> [WORK TO BE COMPLETED]: Whenever the word "Shirt" appears in a line of the data below, copy that line.

START GIVEN ENTRIES

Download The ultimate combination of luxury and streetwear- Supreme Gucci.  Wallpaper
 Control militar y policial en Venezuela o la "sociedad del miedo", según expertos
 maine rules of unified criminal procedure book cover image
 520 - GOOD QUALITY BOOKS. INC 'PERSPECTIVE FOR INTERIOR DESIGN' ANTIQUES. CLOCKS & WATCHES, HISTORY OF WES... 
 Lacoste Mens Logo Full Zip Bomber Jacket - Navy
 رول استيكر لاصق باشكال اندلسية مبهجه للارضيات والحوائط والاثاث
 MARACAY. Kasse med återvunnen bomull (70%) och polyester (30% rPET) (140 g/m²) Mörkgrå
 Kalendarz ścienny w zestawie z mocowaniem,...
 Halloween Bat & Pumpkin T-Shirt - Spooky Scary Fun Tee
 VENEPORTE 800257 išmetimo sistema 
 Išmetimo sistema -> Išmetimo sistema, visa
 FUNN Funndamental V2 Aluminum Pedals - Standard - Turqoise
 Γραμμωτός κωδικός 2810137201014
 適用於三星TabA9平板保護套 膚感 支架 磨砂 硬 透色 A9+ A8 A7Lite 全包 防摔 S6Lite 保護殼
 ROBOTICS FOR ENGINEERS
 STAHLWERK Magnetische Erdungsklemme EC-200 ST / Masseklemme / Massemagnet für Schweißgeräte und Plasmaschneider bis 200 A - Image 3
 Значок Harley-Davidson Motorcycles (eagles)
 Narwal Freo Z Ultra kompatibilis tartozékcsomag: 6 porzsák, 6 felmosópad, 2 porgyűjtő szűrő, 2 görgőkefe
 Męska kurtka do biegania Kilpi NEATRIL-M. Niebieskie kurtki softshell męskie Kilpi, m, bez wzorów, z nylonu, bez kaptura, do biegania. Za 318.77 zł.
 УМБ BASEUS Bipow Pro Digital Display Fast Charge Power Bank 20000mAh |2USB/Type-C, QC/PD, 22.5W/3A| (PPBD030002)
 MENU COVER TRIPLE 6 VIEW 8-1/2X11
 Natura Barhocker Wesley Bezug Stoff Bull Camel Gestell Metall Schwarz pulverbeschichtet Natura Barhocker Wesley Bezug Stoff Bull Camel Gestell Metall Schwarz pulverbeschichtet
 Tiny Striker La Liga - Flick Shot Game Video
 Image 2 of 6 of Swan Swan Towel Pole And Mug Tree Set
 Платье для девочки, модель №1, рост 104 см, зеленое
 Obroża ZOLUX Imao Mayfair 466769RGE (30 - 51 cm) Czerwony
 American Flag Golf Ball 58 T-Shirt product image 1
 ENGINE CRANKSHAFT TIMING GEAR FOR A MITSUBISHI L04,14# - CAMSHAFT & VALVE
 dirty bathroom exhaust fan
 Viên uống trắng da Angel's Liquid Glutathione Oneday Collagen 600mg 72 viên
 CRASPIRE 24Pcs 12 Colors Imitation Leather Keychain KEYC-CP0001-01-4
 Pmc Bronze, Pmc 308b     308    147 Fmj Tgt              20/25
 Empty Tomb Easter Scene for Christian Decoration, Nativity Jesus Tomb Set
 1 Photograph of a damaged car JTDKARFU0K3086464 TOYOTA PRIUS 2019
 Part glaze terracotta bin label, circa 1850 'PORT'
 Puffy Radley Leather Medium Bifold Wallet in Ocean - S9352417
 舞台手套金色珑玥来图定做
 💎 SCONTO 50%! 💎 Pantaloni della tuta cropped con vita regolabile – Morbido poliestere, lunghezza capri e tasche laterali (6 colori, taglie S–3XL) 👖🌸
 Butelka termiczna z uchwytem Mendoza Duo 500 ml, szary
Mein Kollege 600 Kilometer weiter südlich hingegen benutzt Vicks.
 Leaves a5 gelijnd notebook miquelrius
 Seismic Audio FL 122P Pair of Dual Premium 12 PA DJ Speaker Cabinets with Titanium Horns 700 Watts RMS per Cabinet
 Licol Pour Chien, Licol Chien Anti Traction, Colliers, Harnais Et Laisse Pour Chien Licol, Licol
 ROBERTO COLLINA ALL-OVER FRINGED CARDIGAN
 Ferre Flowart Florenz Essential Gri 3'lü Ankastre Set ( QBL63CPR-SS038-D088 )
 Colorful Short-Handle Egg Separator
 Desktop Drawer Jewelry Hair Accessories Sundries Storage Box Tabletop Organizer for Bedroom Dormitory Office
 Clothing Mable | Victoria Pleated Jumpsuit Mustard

END GIVEN ENTRIES

> [OUTPUT]:
 Halloween Bat & Pumpkin T-Shirt - Spooky Scary Fun Tee
 American Flag Golf Ball 58 T-Shirt product image 1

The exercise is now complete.